Review: Whether they're operating on Toy Tonics, Freerange, Madhouse or NeoVinyl, Black Loops rarely fail to deliver the deep house goods. Predictably, the Italian duo's Shall Not Fade label debut is another quality collection of cuts. Our pick of a very strong bunch is probably "Badmanthing", a quirky chunk of rubbery deep house-funk built around a bold, memorable bassline, eccentric electronics and tipsy chords, though the skipping drums, meaty bass and tweaked New Jersey garage motifs of "Plastikhaus" are also hugely alluring. Elsewhere, "No Fear" is a notable fusion of bounding house beats, darting jazz-funk synth sounds and simmering synth-strings, while EP opener "I Know You" is a more classic-sounding slab of deep house cheeriness.

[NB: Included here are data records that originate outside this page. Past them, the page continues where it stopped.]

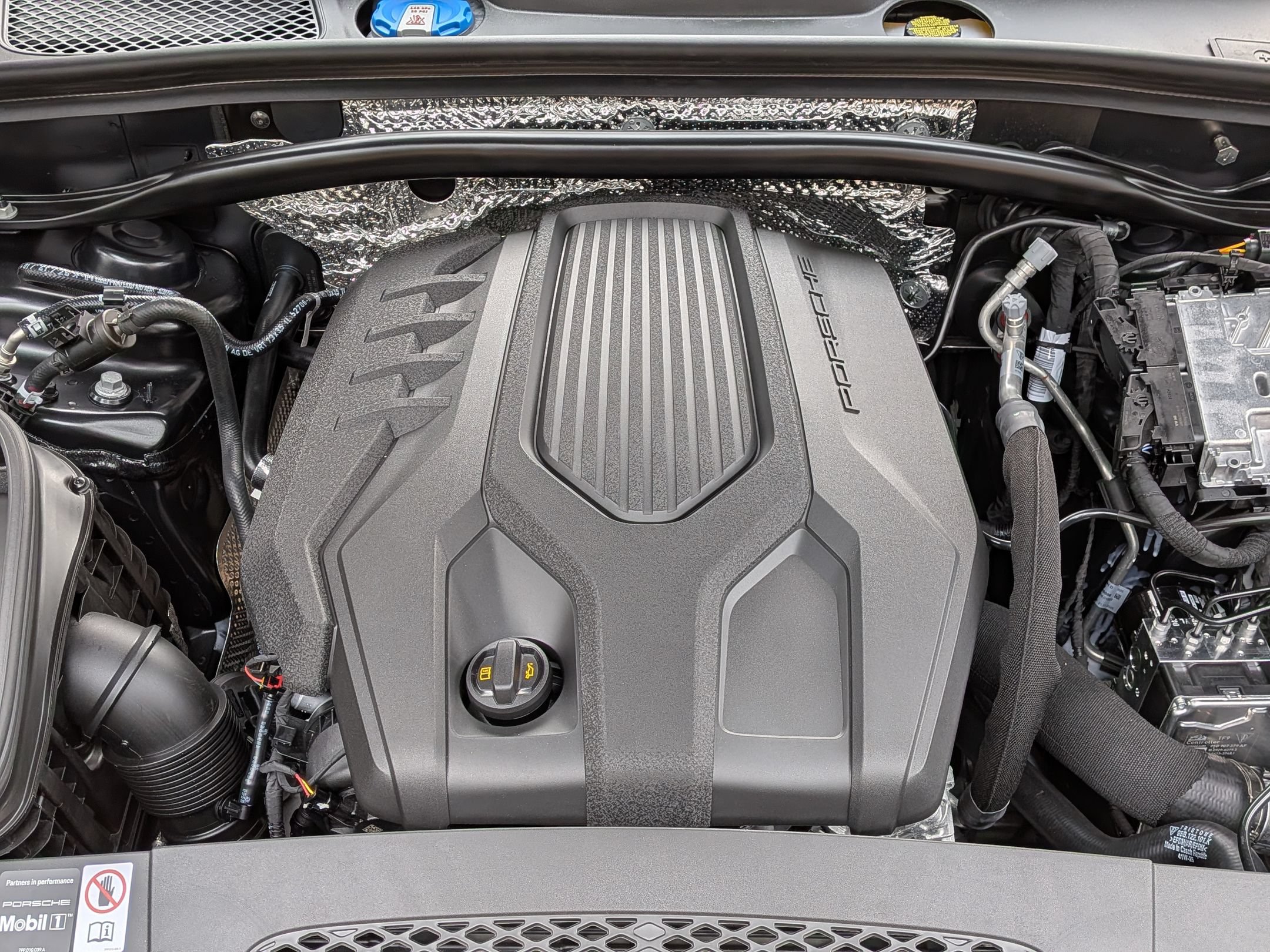 Certified 2026 Porsche Macan AWD/4WD image 35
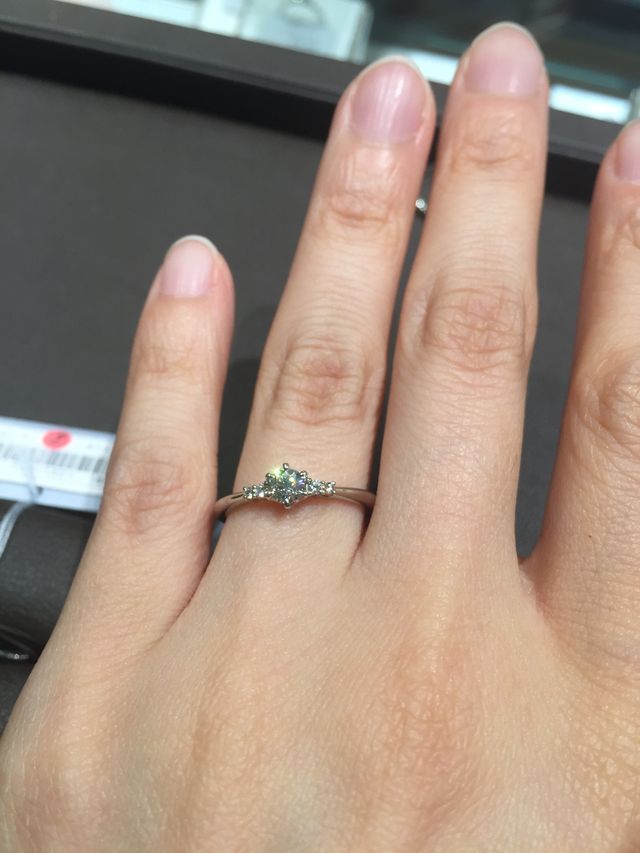 メレダイアがオリオン座デザインの爪で２つずつとまってます。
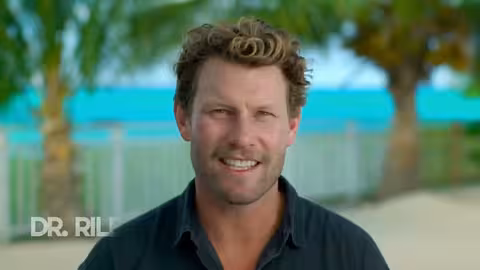 أكاديمية أسماك القرش: مغامرة غوص مع القروش في البهاما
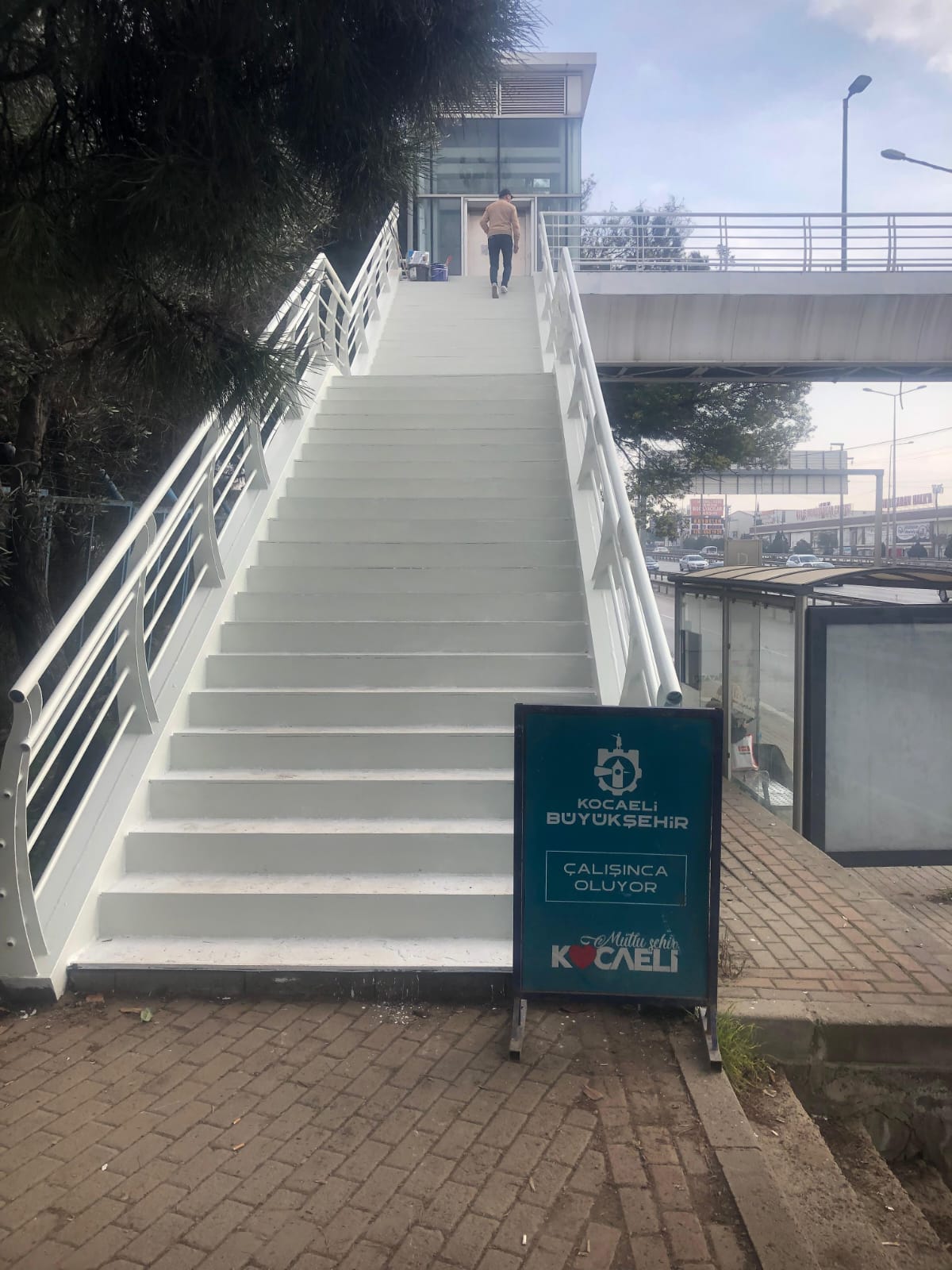 üst geçidin bakımı
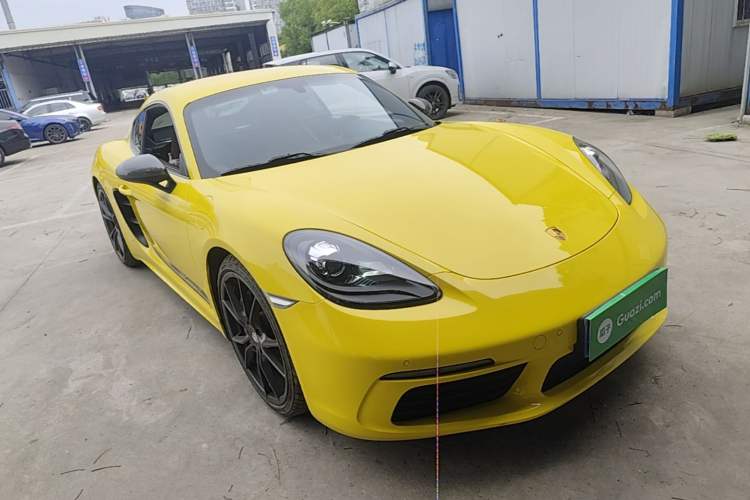 Used Porsche 718 2022 Cayman T 2.0T Front Right 45 Deg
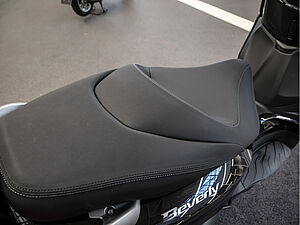 Piaggio Beverly 400 9 navigation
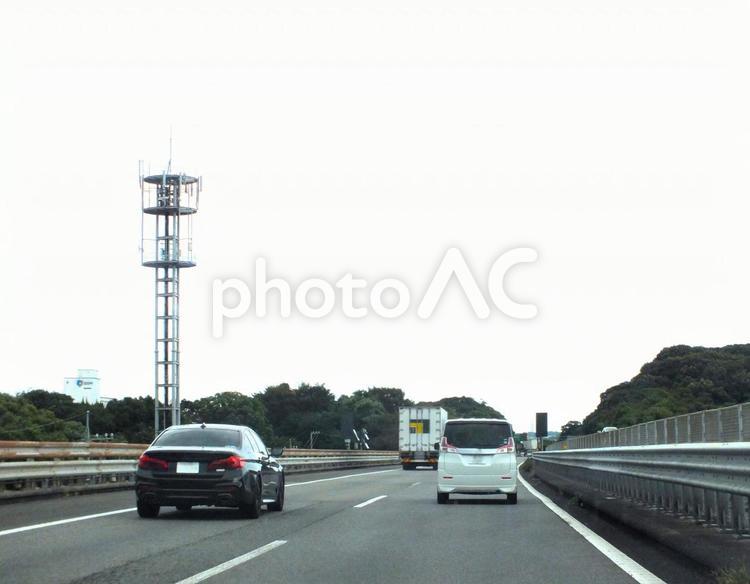 無線塔が立つ高速道路　 無線塔,電波塔,電波の写真素材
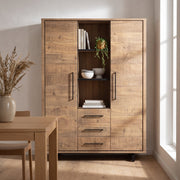 Bergkast Wynwood Plus 135 cm met 2 deuren, 3 lades en 3 open vakken in mango-look, sfeerfoto in eetkamer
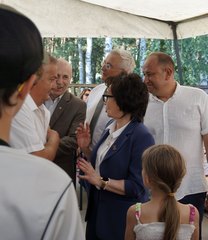 Marszałek Sejmu RP Elżbieta Witek odwiedziła piknik rodzinny w Kuźnicy Ługowskiej (gmina Osjaków)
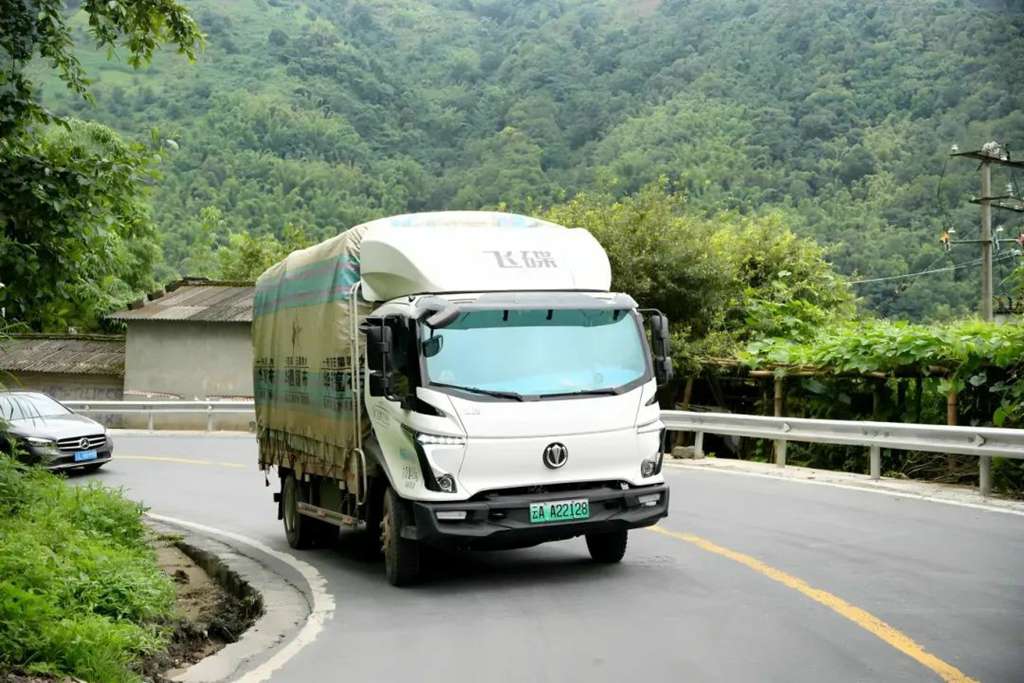 从负债百万到月入3万，飞碟EW7 助力彝族货运司机破局新生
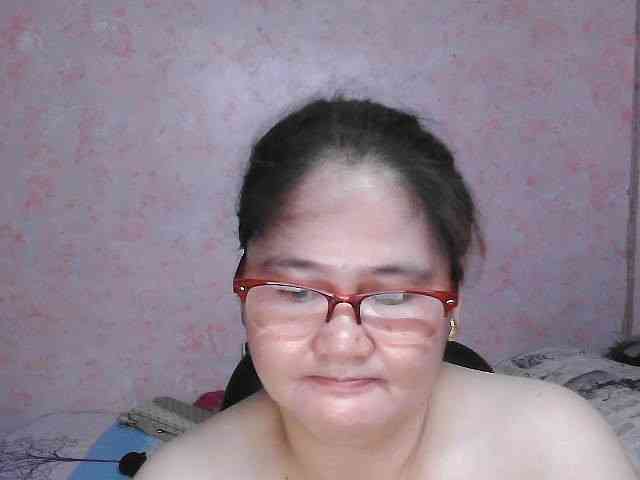 NICEtitspinay webcam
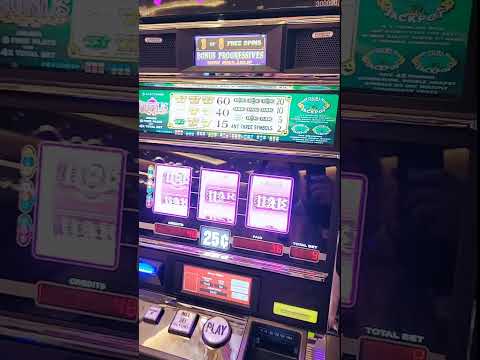 We Hit the SUPER BONUS on the New Goldfish Respin Party Slot!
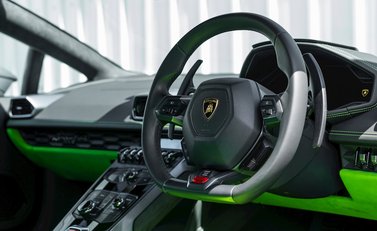 Lamborghini Huracan LP610-4 11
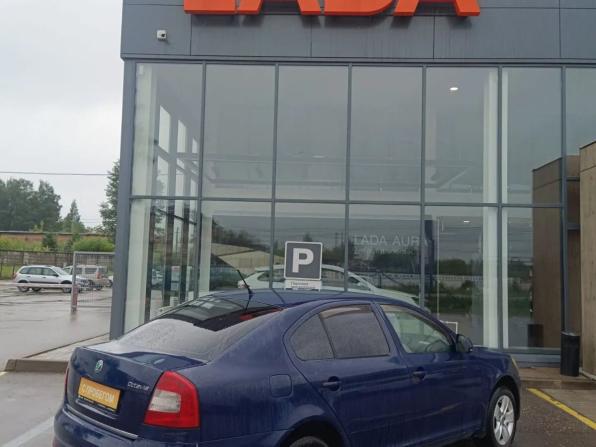 Skoda Octavia II (A5) Рестайлинг с пробегом 2011 года, цена 569 800 рублей, 214793 км, лифтбек, Автокод Объявления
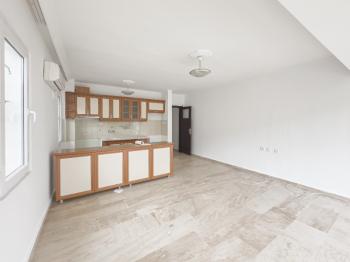 Marmaris İçmeler’de Sahile 500m Tadilatlı 2+1 Amerikan Mutfak Satılık 70m² Daire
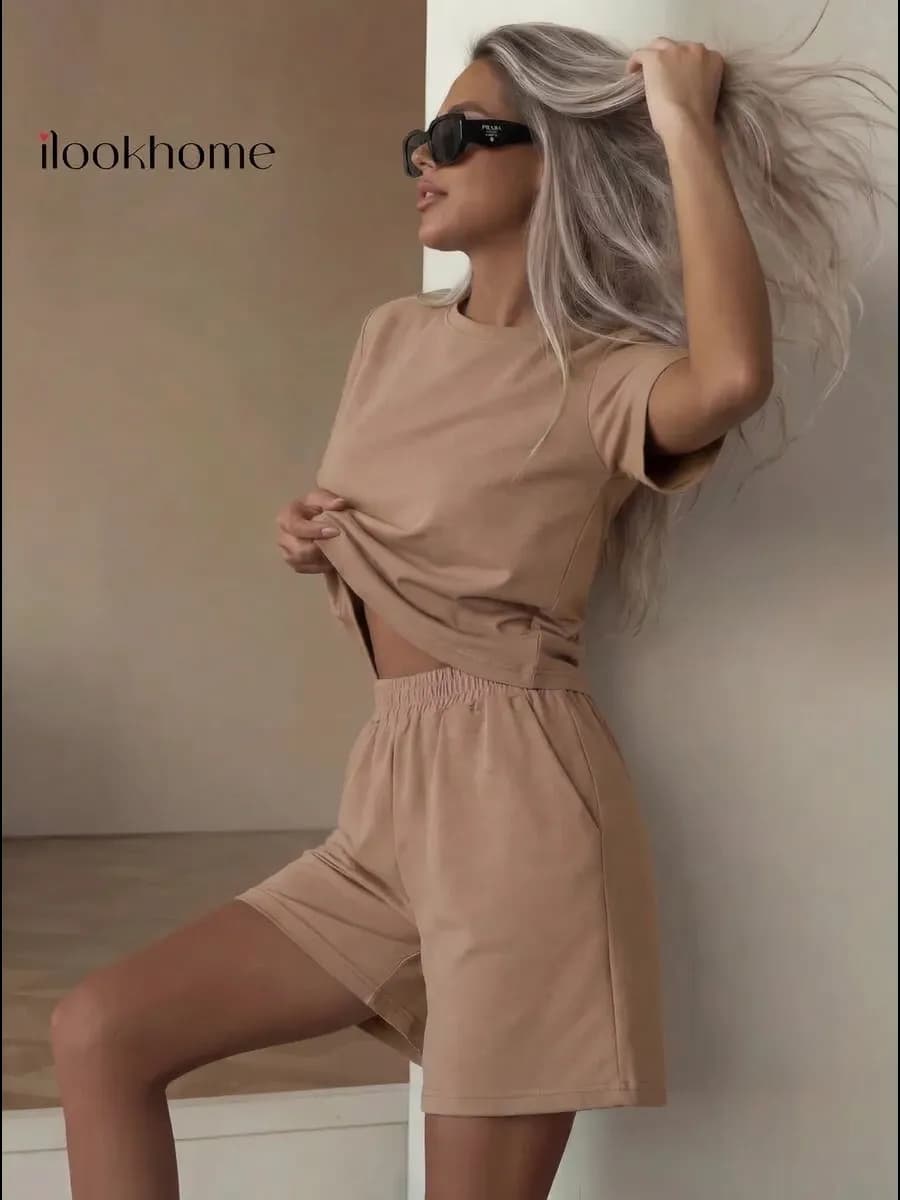 Костюм летний спортивный с шортами и футболкой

Review: A 20th anniversary reissue of Sasu Ripatti's classic from the turn of the millennium. 'Vocalcity' is a milestone release which is unlike his more experimental works as Vladislav Delay, saw Ripatti capture the innovation of the 'micro' sound of the time (popularised by the likes of issuing label Force Tracks and scape) while incorporating elements of dub techno and deep house - with evocative female vocals a constant throughout. From the groovy glitch-funk of "Synkro" to the sexy sophistication of underground classic "Tessio'' or the smooth and sensual slow-burner "She-Center" - it hasn't aged one bit! Hailed by many critics as one of the most seminal and important releases to have come out of the '00s, this is a welcome and much needed repress of a right classic, courtesy of Ripatti's eponymous imprint that has been faithfully remastered.
Review: Few people have done as much to shape house music as Grammy winner Louie Vega. His next project finds him on an executive producer role as he assembles a crack team of world class musicians under the Elements of Life banner. With a sound inspired by greats like Stevie Wonder and Cymande, this fantastic record brims with musicality, joy and soul from front to back. The tracks are live sounding, richly percussive, sprinkled with Latin spice and various moods, grooves and tempos. For big hearted DJs and dancers, this is pure gold. Of course guests like Anane, Blaze and Lisa Fischer all help add their own special colour to the picture.